• **TASK DIRECTIONS**:
Word for word, restate the lines of the listing below from the line with "Nike Air Jordan 37" through the line with "Parliament Penthouse Apartment Budapest", and do not include the pictures.

• **EXTRACTED RECORDS**:
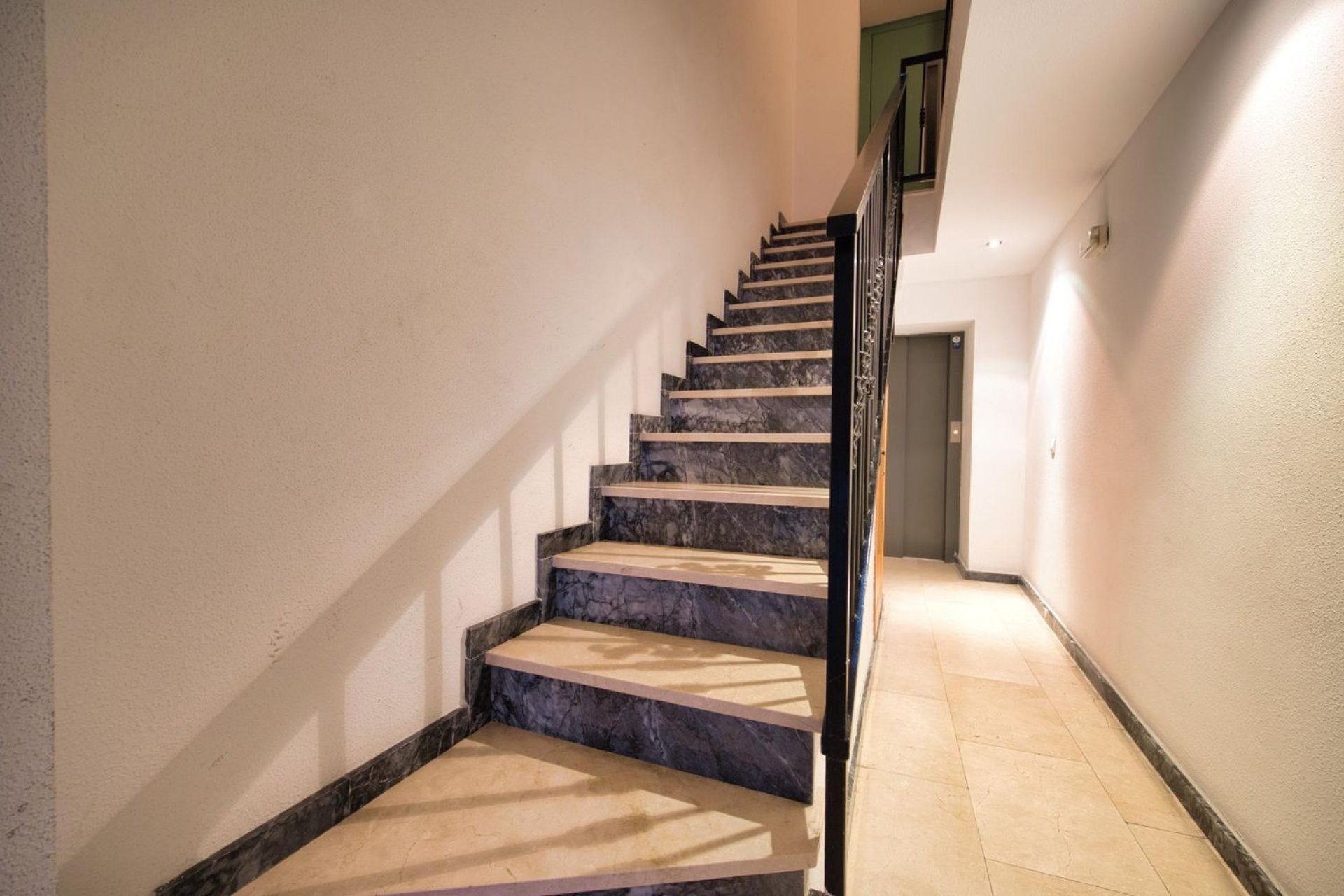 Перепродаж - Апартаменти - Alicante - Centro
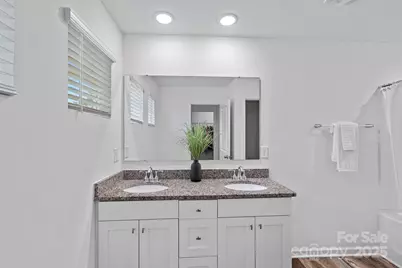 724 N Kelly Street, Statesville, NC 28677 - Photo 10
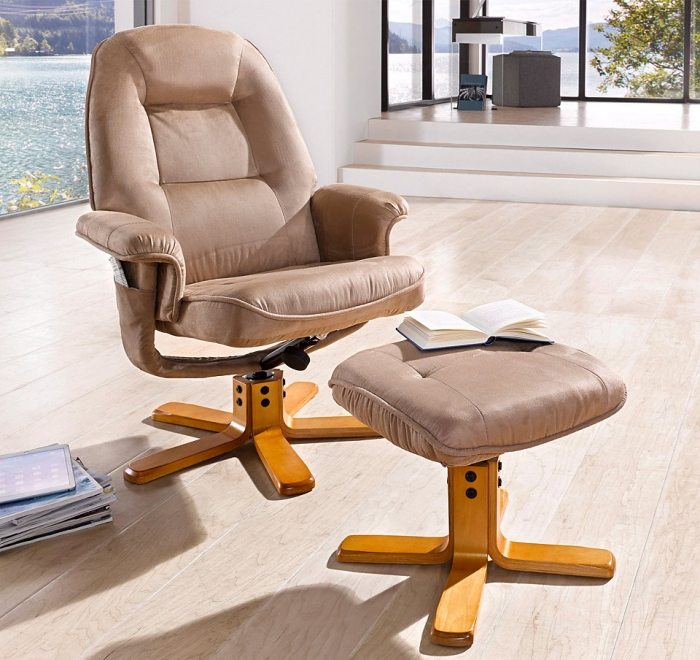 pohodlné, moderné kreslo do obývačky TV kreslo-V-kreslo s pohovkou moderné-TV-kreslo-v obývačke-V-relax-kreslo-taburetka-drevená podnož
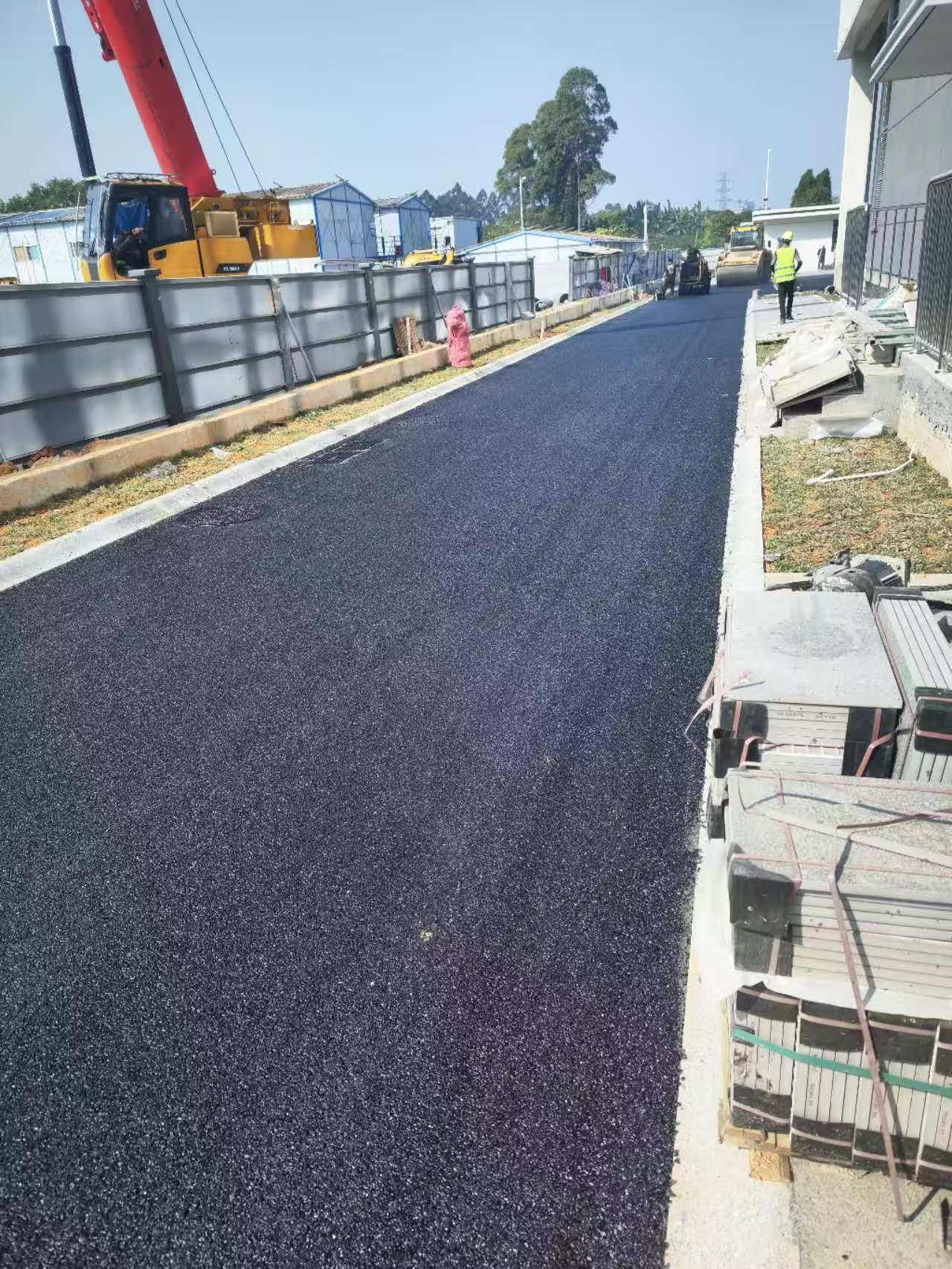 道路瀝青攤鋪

---

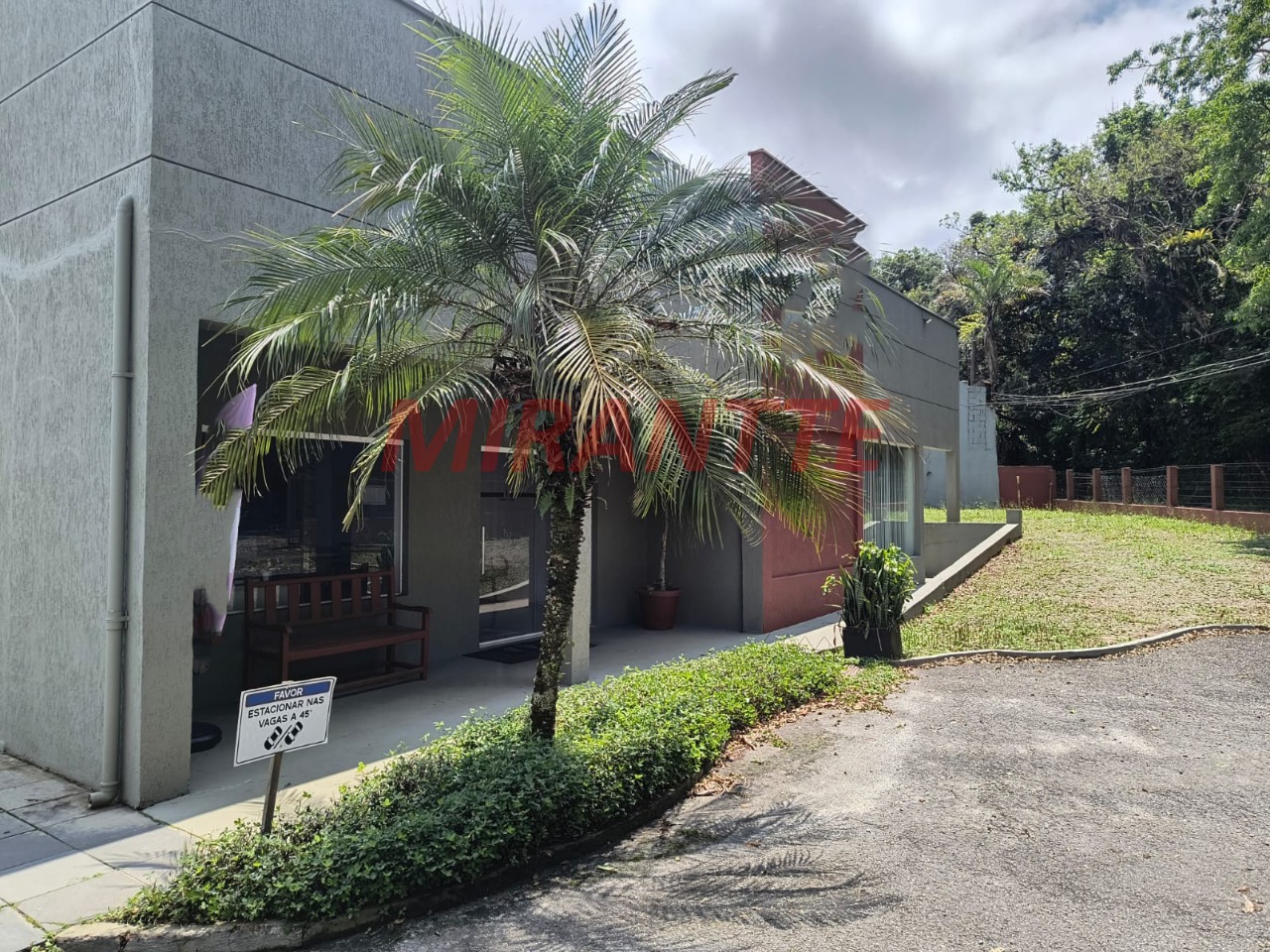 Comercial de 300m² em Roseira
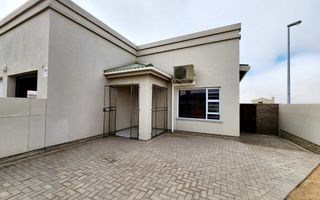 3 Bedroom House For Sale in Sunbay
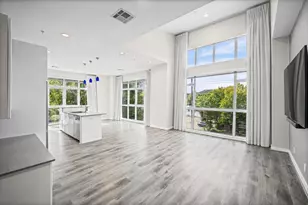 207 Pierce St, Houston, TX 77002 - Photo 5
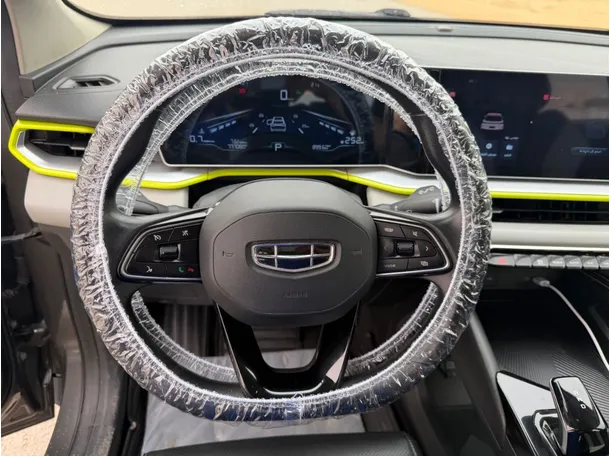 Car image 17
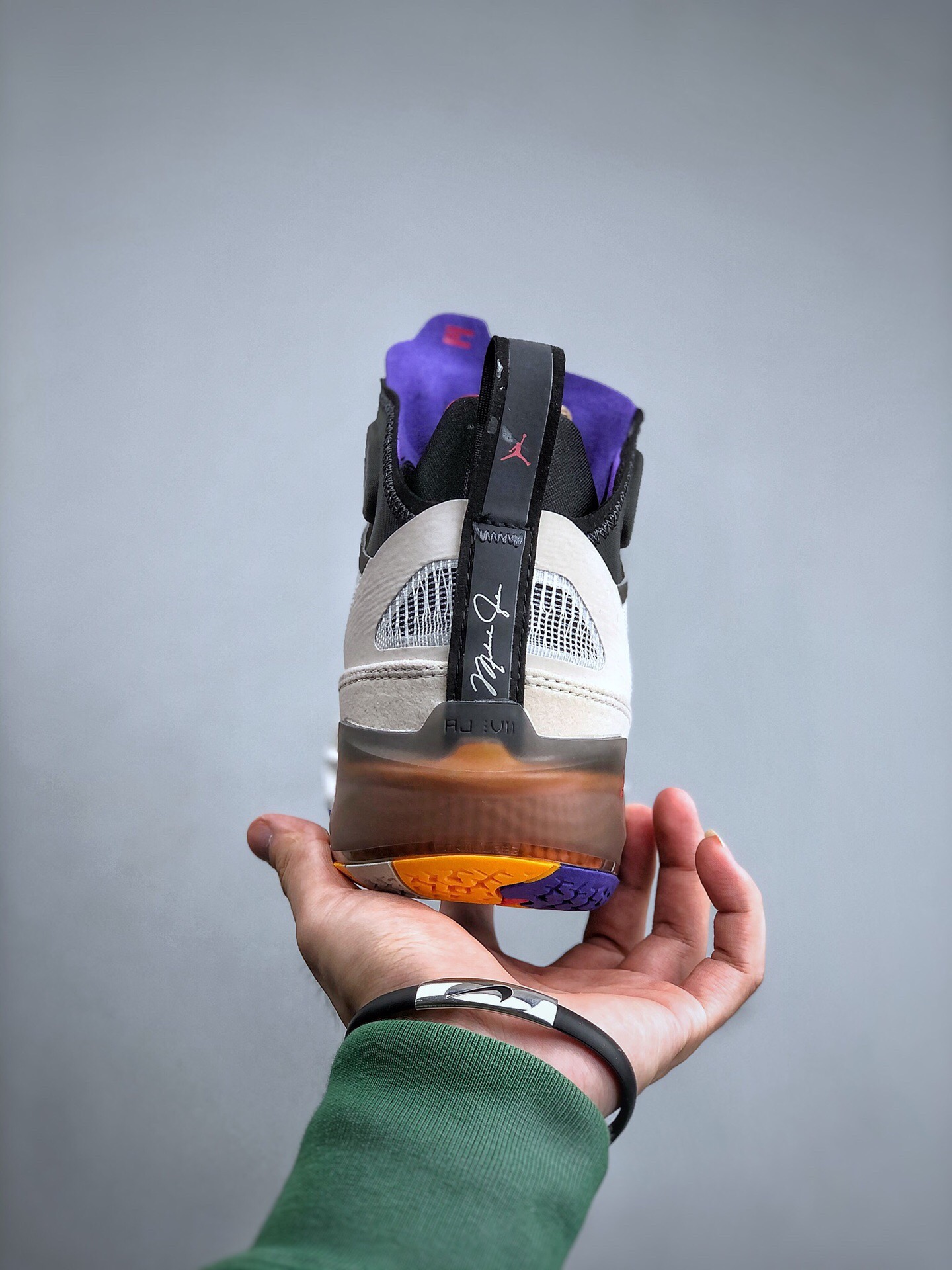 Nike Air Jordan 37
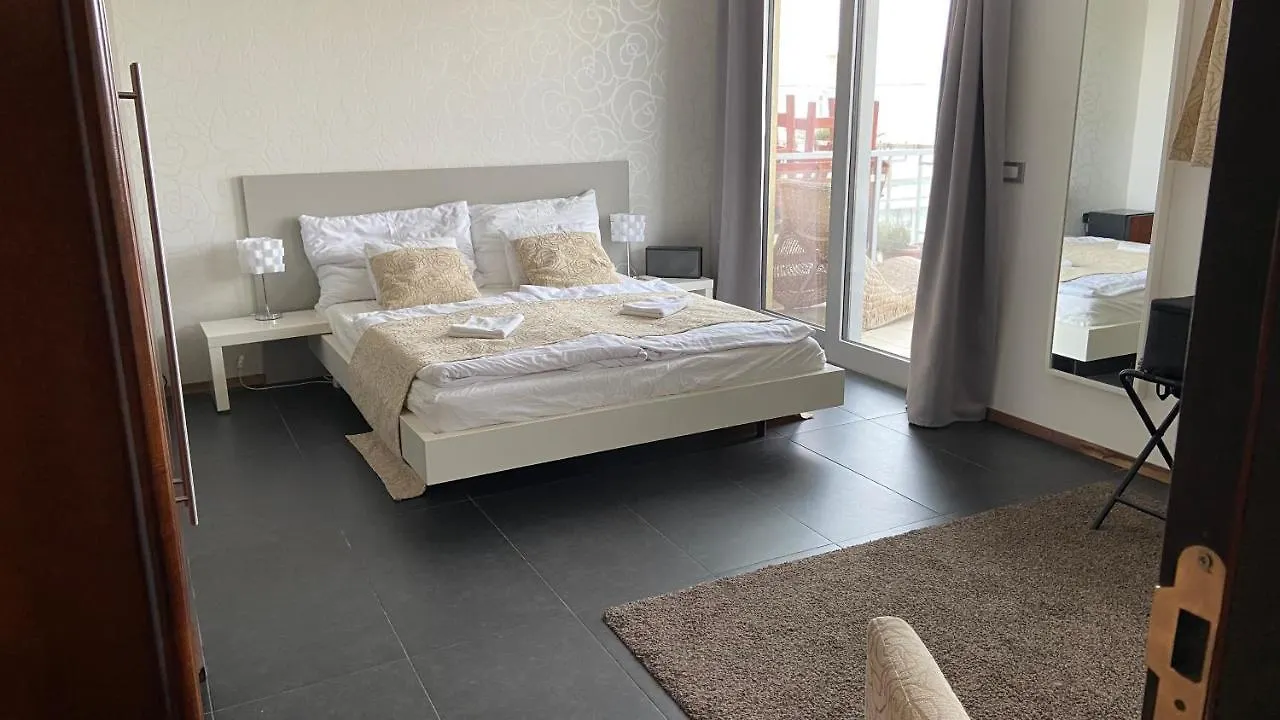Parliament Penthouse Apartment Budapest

* * *

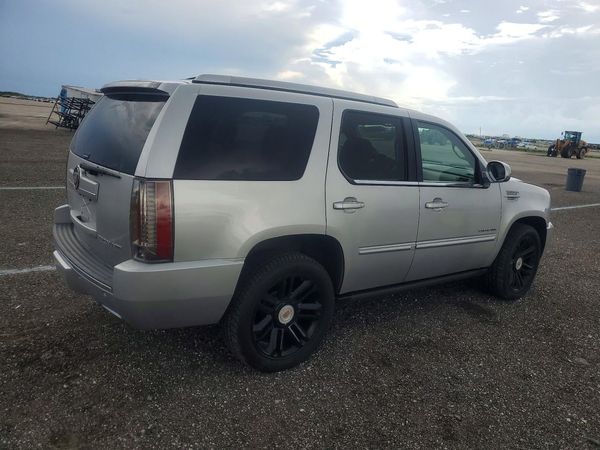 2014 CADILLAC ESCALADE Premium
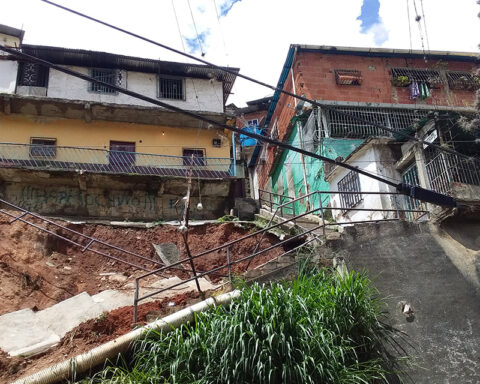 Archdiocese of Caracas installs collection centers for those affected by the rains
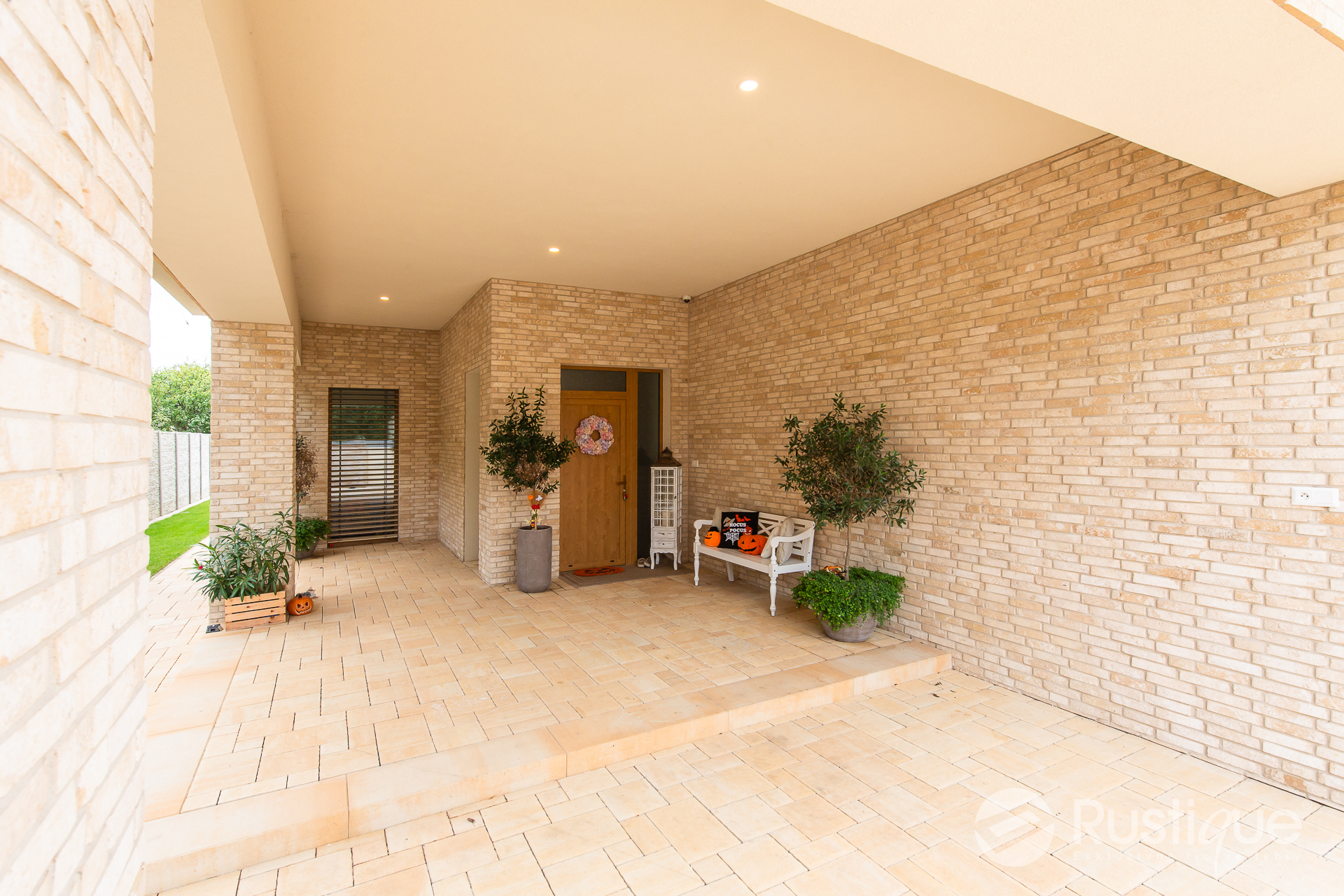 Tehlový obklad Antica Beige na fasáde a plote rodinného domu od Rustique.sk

• **RESULT BELOW**:
 Nike Air Jordan 37
Parliament Penthouse Apartment Budapest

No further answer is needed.